## Instructions for the task
Although the data holds pictures, return only the lines from the one containing "a wooden ladder" to the end, exactly, and without them.

Image-text web data
▼▼▼

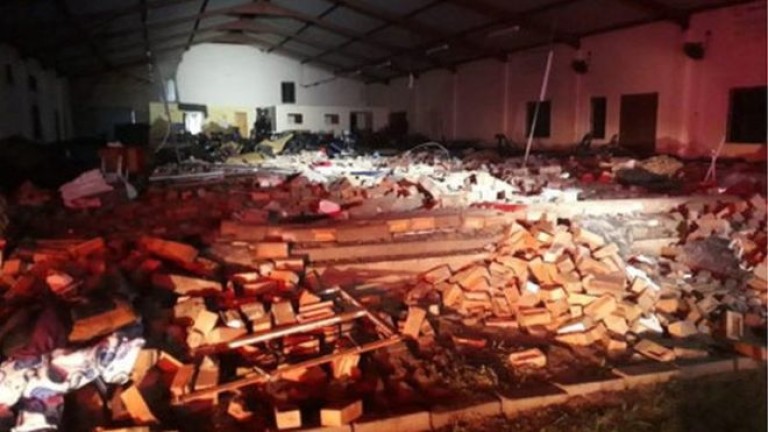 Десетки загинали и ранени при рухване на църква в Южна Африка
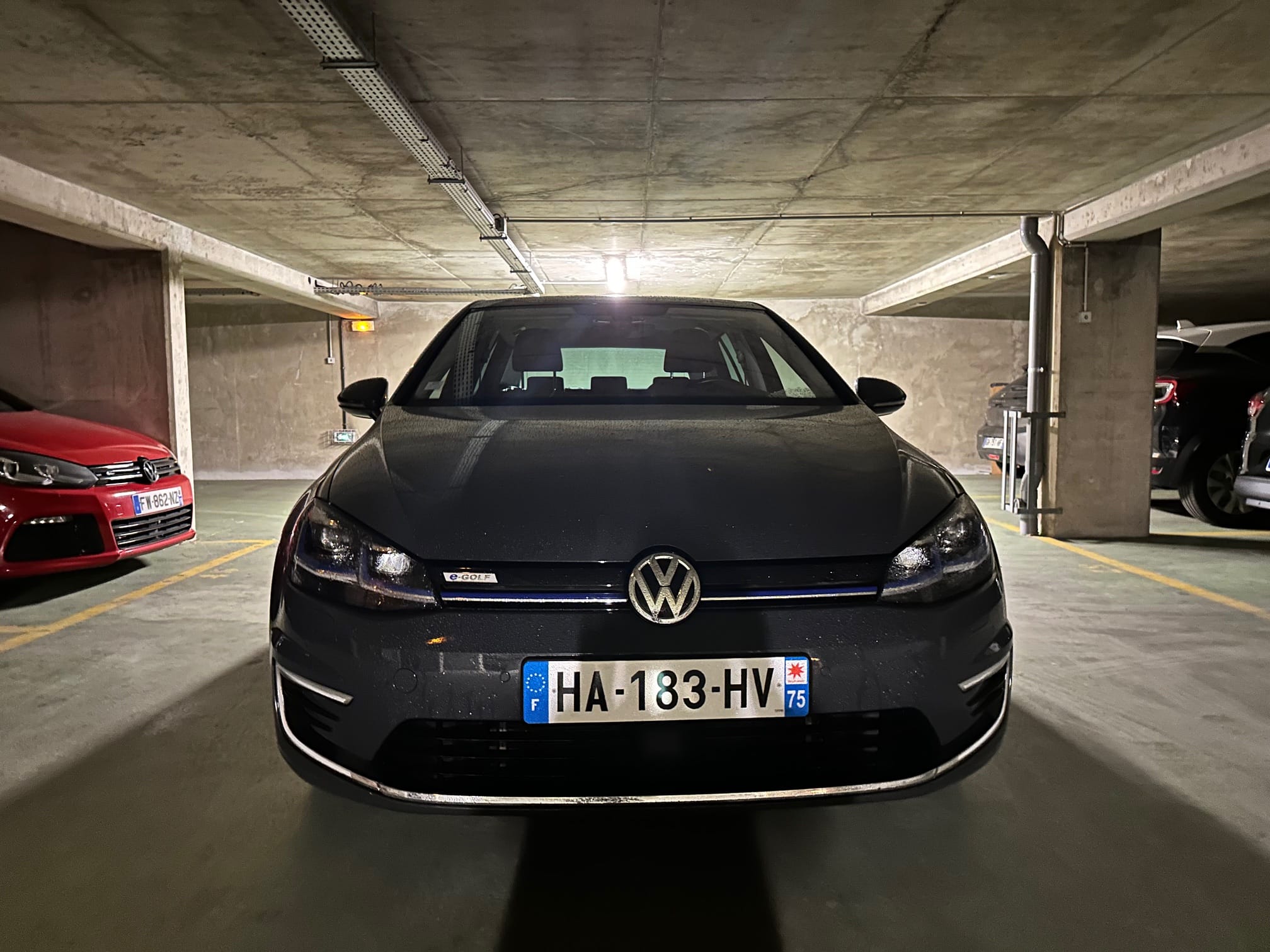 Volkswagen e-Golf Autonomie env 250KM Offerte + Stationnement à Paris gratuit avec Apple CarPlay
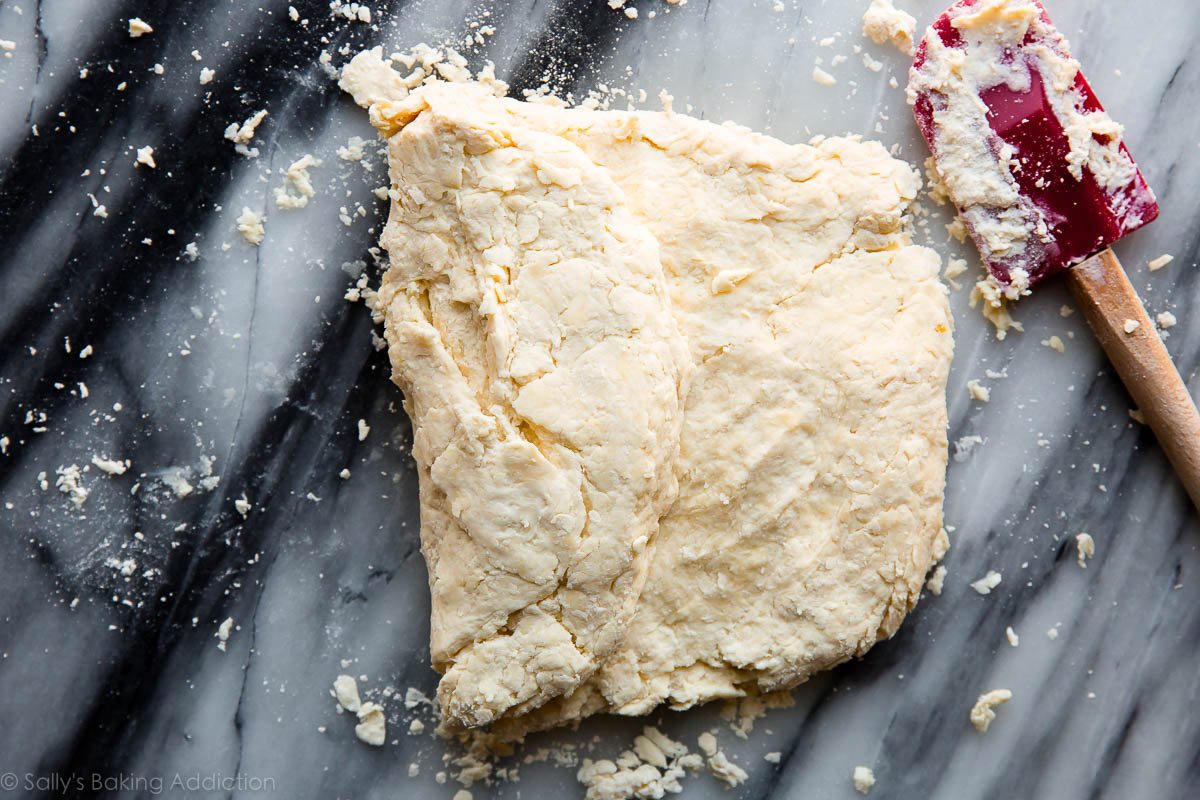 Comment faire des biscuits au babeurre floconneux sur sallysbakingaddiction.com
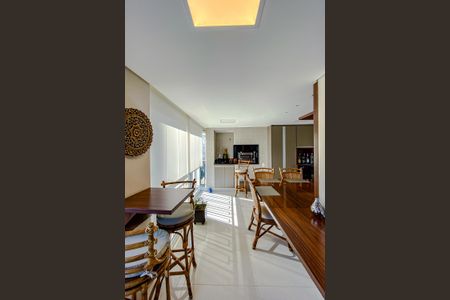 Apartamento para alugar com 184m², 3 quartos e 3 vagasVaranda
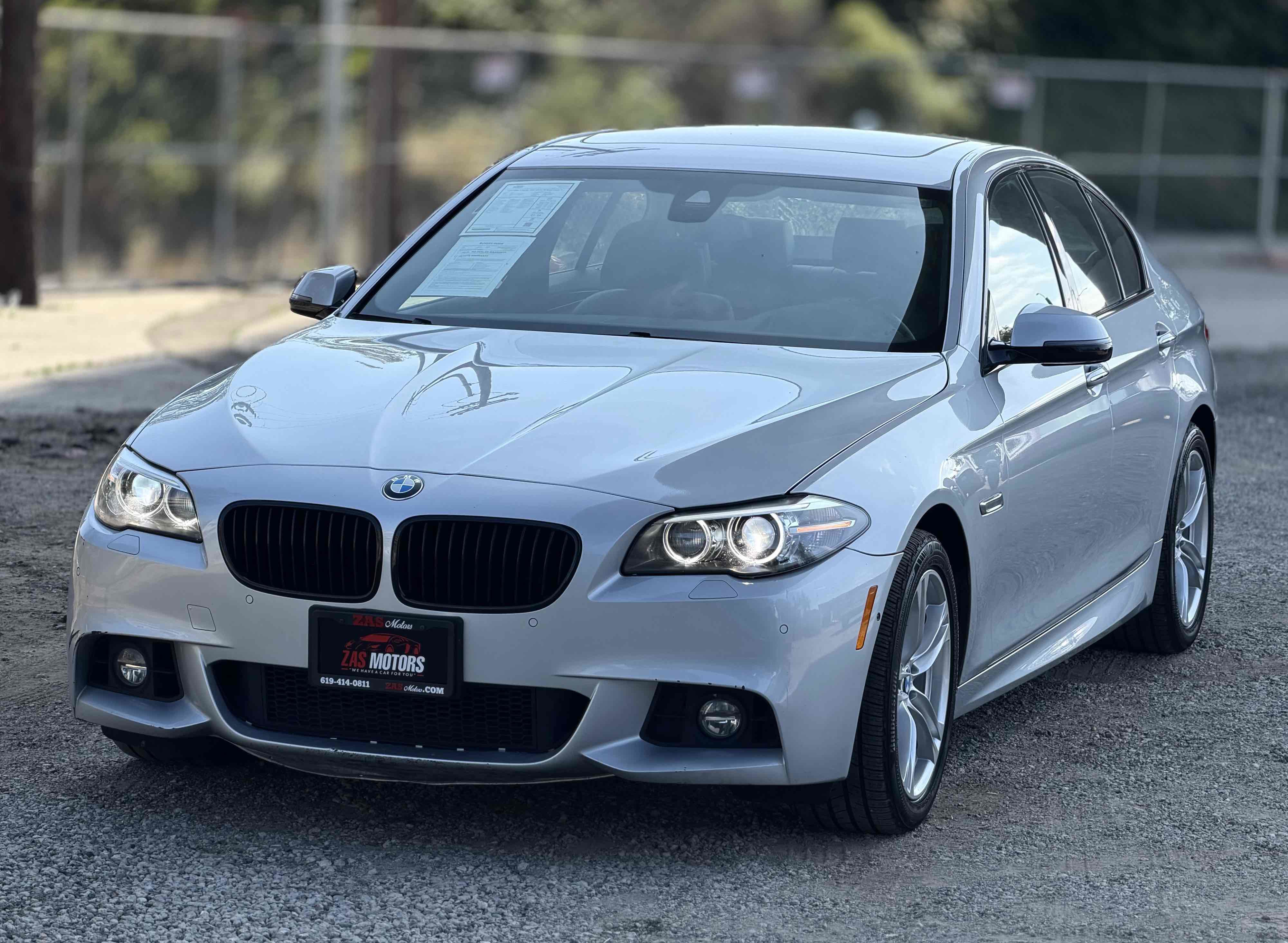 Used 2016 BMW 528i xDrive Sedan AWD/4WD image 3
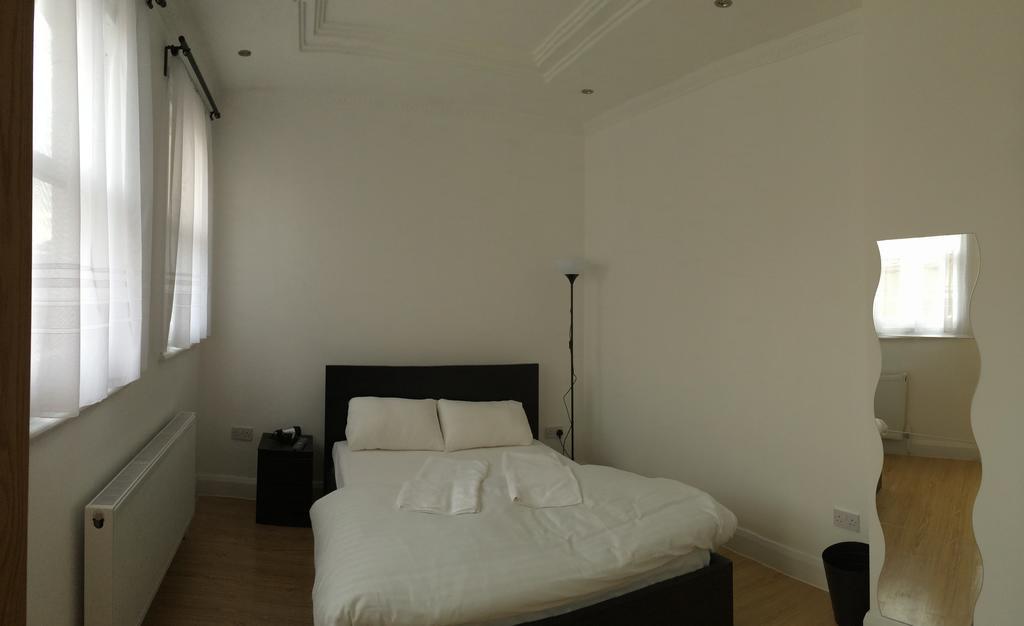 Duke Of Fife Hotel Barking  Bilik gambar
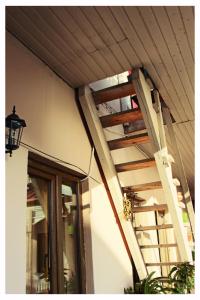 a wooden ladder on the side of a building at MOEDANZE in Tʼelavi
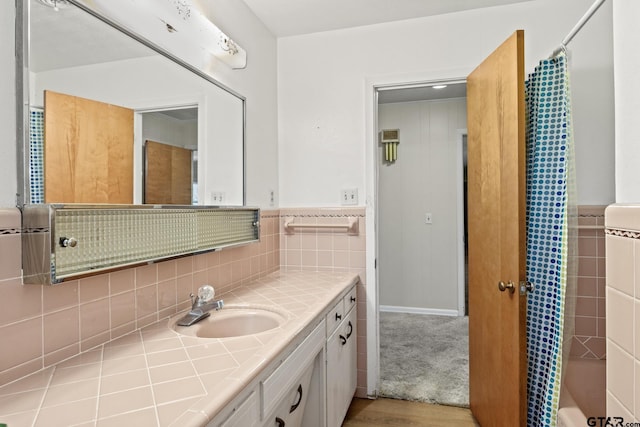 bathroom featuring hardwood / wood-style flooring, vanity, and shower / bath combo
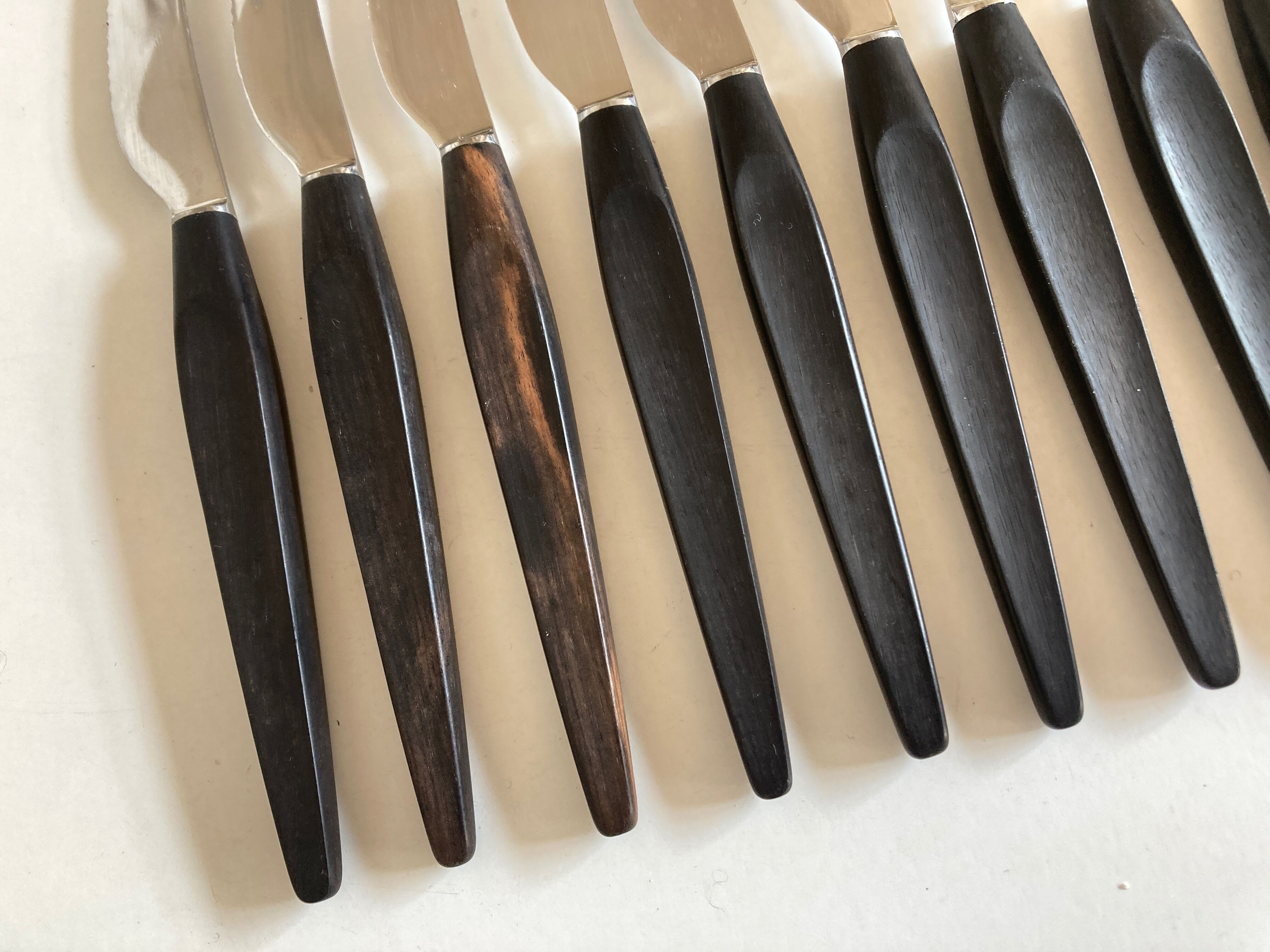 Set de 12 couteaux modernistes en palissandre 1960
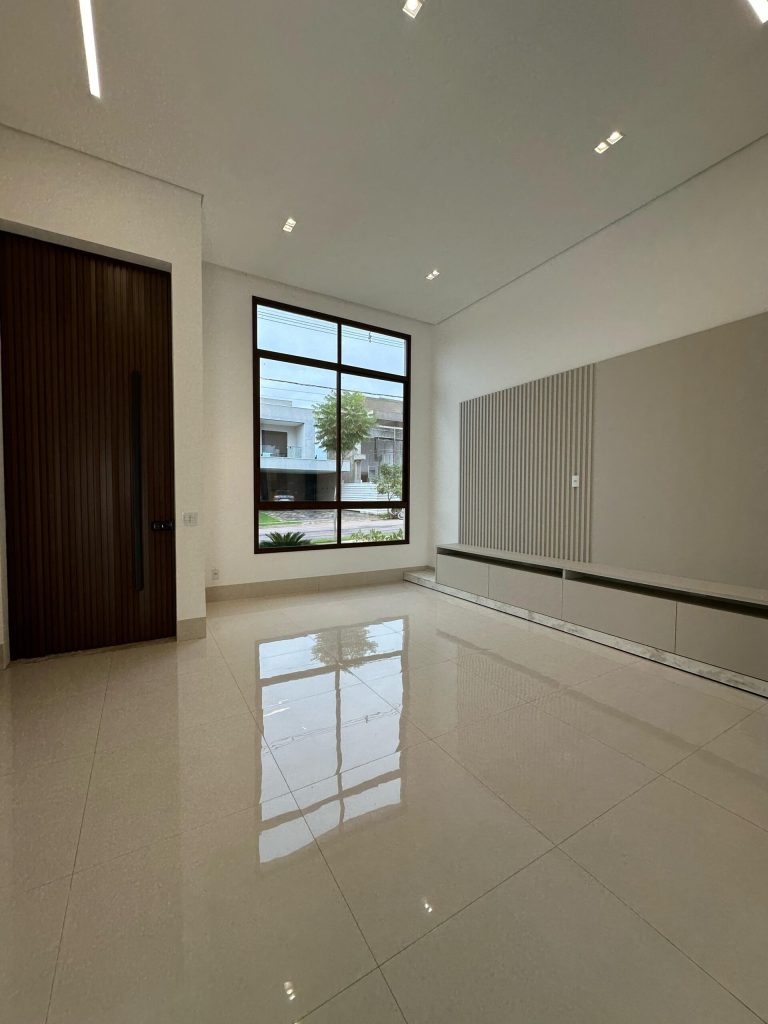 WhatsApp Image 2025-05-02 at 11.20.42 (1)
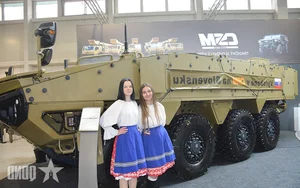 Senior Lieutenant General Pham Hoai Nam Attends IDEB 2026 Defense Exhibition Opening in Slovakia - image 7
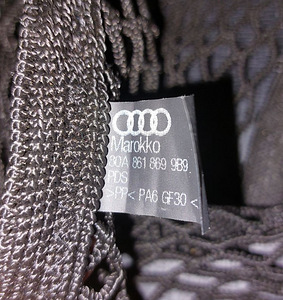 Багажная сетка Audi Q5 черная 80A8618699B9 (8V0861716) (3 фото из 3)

▲▲▲

## Task output
 a wooden ladder on the side of a building at MOEDANZE in Tʼelavi
 bathroom featuring hardwood / wood-style flooring, vanity, and shower / bath combo
 Set de 12 couteaux modernistes en palissandre 1960
 WhatsApp Image 2025-05-02 at 11.20.42 (1)
 Senior Lieutenant General Pham Hoai Nam Attends IDEB 2026 Defense Exhibition Opening in Slovakia - image 7
 Багажная сетка Audi Q5 черная 80A8618699B9 (8V0861716) (3 фото из 3)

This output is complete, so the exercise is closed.